Diesel has been on a steady decline as a draw ever since launching into the stratosphere with The Fast and the Furious in 2001. He's had a few moderate hits since then, but his biggest result of the last few years was as the lead of a Disney film. Going the family route doesn't always kill your action cred (see: Ahnuld), but it's a tough route to go unless you're at the top of your class without your core audience abandoning you. I don't know that I'd call Diesel washed up per se, but he's definitely lost his place in the top tier, and sits in that realm of guys who have their movies premiere on Labor Day weekend (see: Jason Statham). Also starring Michelle Yeoh, Gerard Depardieu (who instantly comes to mind when I think action) and Charlotte Rampling, this is getting the full blitz treatment for advertising, but I think we're looking at about a $12 million three-day total, or about $13.5 for the holiday.

The film that will have the best chance at besting it is Disaster Movie, which probably doesn't quite realize how self-referential it's being. Another of these seemingly endless "parody" movies that exist to provide summer employment to sketch comedy TV show actors, Disaster Movie seems more to be a parody of the things in the trailers of the movies that have come out this summer. And what's the biggest joke that these geniuses seem to have come up with? "What if it was like the movies you just saw, but more people got hit with things?"

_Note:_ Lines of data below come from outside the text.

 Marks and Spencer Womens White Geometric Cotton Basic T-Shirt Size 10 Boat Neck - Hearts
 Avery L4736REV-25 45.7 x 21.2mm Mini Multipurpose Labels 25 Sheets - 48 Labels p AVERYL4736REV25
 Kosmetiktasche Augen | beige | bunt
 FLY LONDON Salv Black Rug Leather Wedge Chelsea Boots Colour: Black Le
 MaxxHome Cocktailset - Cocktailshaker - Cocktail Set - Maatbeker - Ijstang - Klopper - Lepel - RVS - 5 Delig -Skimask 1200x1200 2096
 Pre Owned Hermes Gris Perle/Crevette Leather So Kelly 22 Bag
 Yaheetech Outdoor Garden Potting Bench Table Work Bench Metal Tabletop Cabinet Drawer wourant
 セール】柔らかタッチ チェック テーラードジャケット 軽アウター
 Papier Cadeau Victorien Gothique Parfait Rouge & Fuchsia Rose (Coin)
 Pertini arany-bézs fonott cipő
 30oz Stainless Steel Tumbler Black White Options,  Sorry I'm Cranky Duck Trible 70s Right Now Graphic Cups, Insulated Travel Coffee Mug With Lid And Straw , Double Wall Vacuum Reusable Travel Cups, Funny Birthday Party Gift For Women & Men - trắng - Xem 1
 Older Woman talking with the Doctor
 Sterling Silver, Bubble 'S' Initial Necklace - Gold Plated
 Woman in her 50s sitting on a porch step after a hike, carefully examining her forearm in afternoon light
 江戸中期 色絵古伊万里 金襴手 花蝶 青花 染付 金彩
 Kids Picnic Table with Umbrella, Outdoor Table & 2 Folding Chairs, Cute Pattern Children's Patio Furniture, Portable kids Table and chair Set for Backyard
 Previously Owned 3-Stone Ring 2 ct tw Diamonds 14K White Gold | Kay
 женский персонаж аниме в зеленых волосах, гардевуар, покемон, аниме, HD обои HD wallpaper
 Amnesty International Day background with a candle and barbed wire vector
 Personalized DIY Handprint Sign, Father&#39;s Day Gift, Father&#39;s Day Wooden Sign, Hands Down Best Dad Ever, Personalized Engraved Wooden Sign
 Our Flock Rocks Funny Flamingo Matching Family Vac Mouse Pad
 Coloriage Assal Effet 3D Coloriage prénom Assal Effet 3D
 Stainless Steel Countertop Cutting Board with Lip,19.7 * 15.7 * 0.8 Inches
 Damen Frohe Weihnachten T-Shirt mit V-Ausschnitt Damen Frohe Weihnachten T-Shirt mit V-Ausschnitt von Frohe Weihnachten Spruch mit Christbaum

And yet, these movies have continually found an audience, even though they are entirely rehashed versions of scenes from the films you just saw, with zero bite to them. True parody turns things on their heads to cut through stereotypical filmmaking – these films barely rise above simple aping. Superhero Movie started to show a bit of weakness in the brand, with a drop from the high teens opening these have gotten to under $10 million, which gives me hope that people are wising up to the lameness of these movies. Disaster Movie might bounce back a little, but I'd say we're looking for around $11 million over three days, and $12 million over four.